Free radical-derived oxysterols. Novel adipokines modulating adipogenic differentiation of adipose precursor cells

Context:Increased oxidative stress in adipose tissue emerges as an inducer of obesity-linked insulin resistance. Here we tested whether free-radical derived oxysterols are formed by, and accumulate in, human adipocytes. Moreover, we asked whether increased accumulation of oxysterols characterizes the adipose cells of obese patients with type 2 diabetes (T2D) (OBT2D) compared with lean, nondiabetic controls (CTRLs). Finally, we studied the effects of the free radical–derived oxysterols on adipogenic differentiation of adipose-derived stem cells (ASCs).Main Outcome Measures:Adipocytes and ASCs were isolated from sc abdominal adipose tissue biopsy in four OBT2D and four CTRL subjects. Oxysterols in adipocytes were detected by gas chromatography/mass spectrometry.
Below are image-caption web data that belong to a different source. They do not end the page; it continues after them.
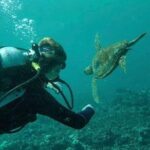 2 Tank Shore Dive at Sea Turtle Cove - Why This Tour Stands Out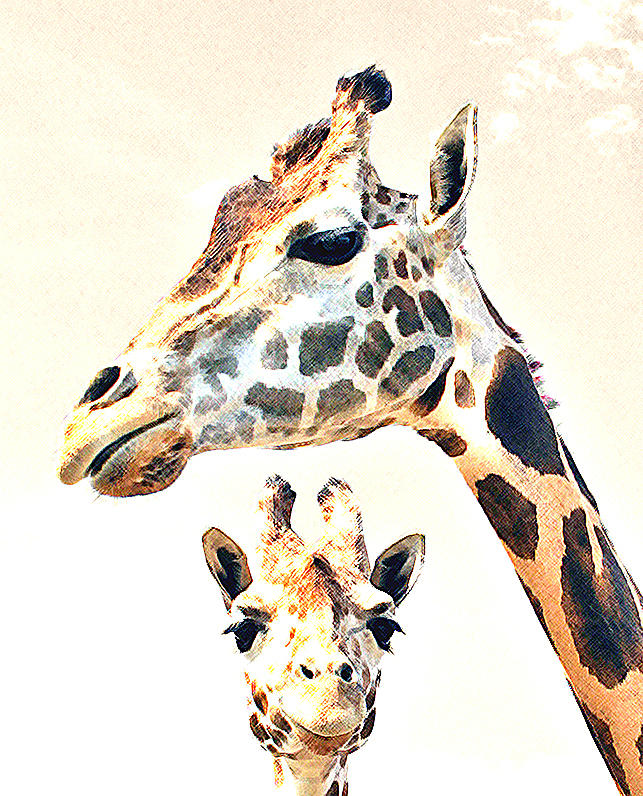 Giraffe Faces Photograph by Christopher McKenzie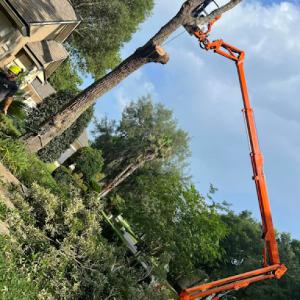 Southern Tree Experts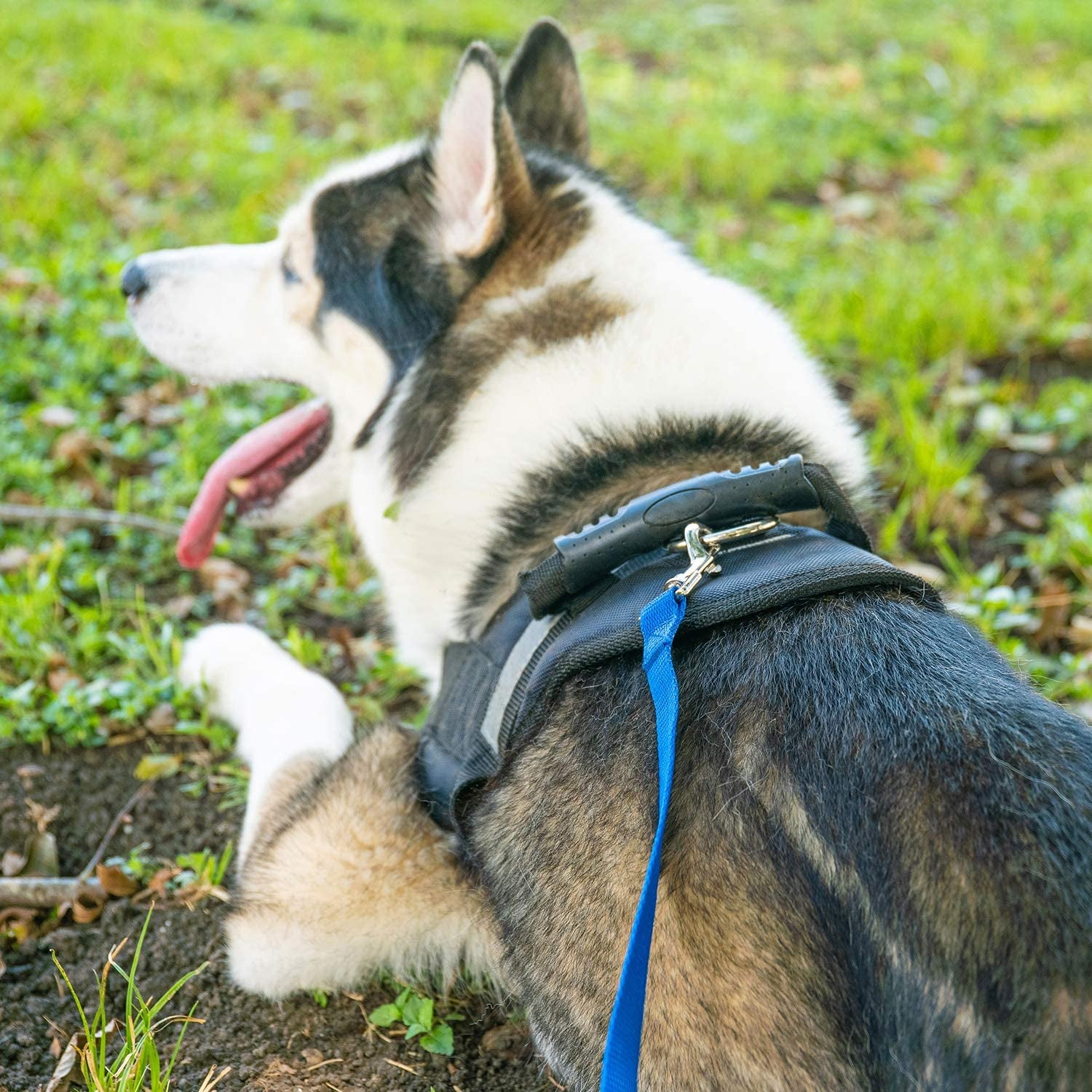 Dog/Puppy Obedience Recall Training Agility Lead - 15Ft 20Ft 30Ft 50Ft 100Ft Training Leash - Great for Training, Play, Camping, or Backyard Purple 100 Feet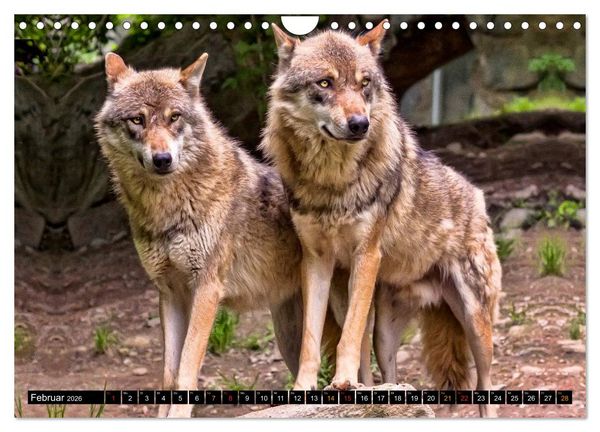 Produktbild: W&ouml;lfe - sie sind wieder da (Wandkalender 2026 DIN A4 quer), CALVENDO Monatskalender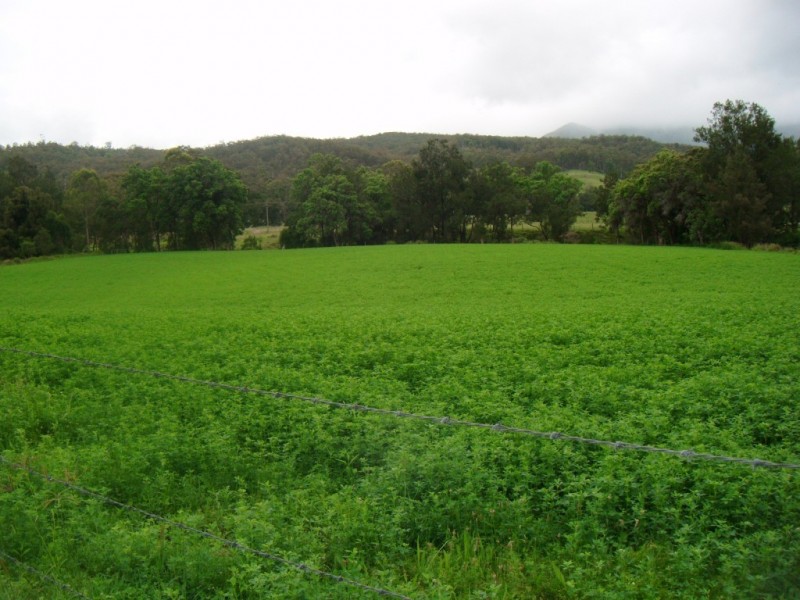 Palen Creek QLD 4287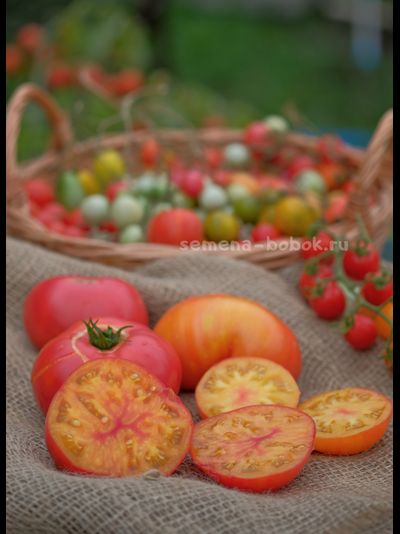 Томат Dwarf Awesome (Гном Замечательный), 10 шт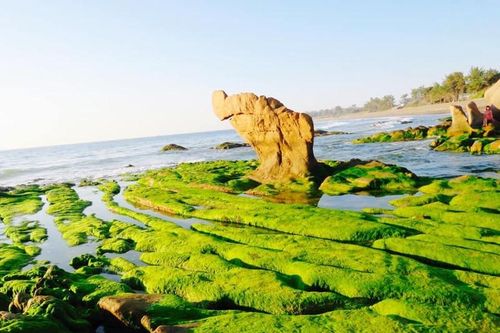 Mùa rêu, biển Cổ Thạch đẹp như tranh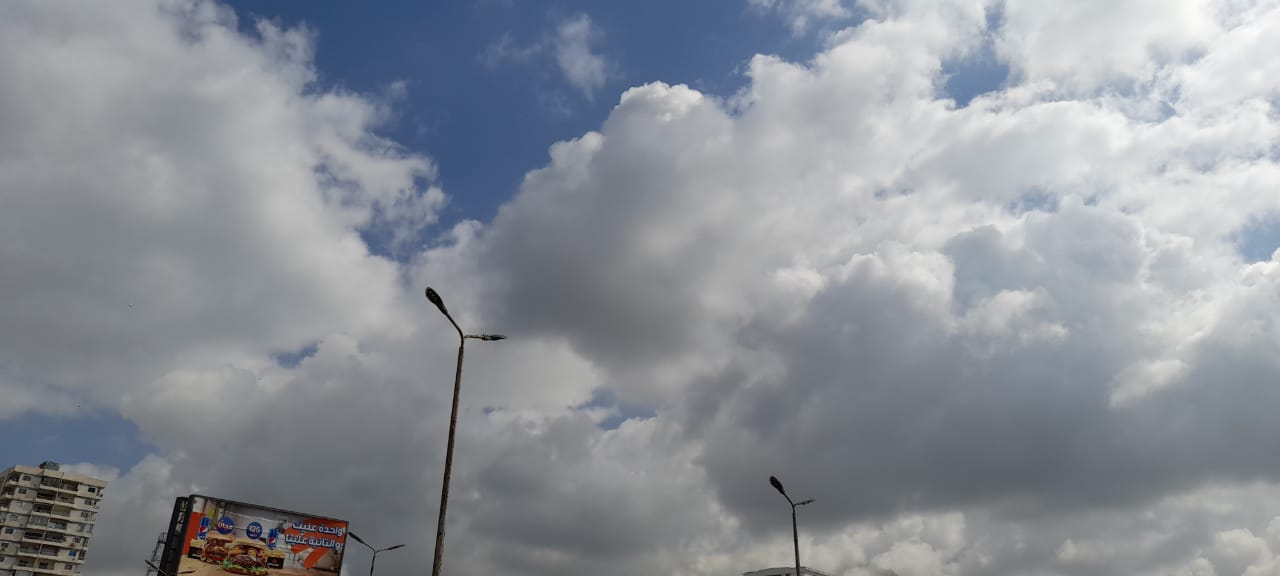 8a0127cb-f844-4863-8a02-76b12524c6ec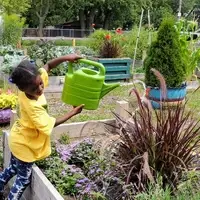 Urban Farming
The cellular and molecular effects of oxysterols were then evaluated on primary cultures of ASCs focusing on cell viability, adipogenic differentiation, and “canonical” WNT and MAPK signaling pathways.Results:7-ketocholesterol (7κ-C) and 7β-hydroxycholesterol were unambiguously detected in adipocytes, which showed higher oxysterol accumulation (P < .01) in OBT2D, as compared with CTRL individuals. Notably, the accumulation of oxysterols in adipocytes was predicted by the adipose cell size of the donor (R2 = 0.582; P < .01). Challenging ASCs with free radical–derived type I (7κ-C) and type II (5,6-Secosterol) oxysterols led to a time- and concentration-dependent decrease of cell viability. Meaningfully, at a non-toxic concentration (1μM), these bioactive lipids hampered adipogenic differentiation of ASCs by sequential activation of WNT/β-catenin, p38-MAPK, ERK1/2, and JNK signaling pathways.Conclusion:Free radical–derived oxysterols accumulate in the “diabetic” fat and may act as novel adipokines modulating the adipogenic potential of undifferentiated adipose precursor cells.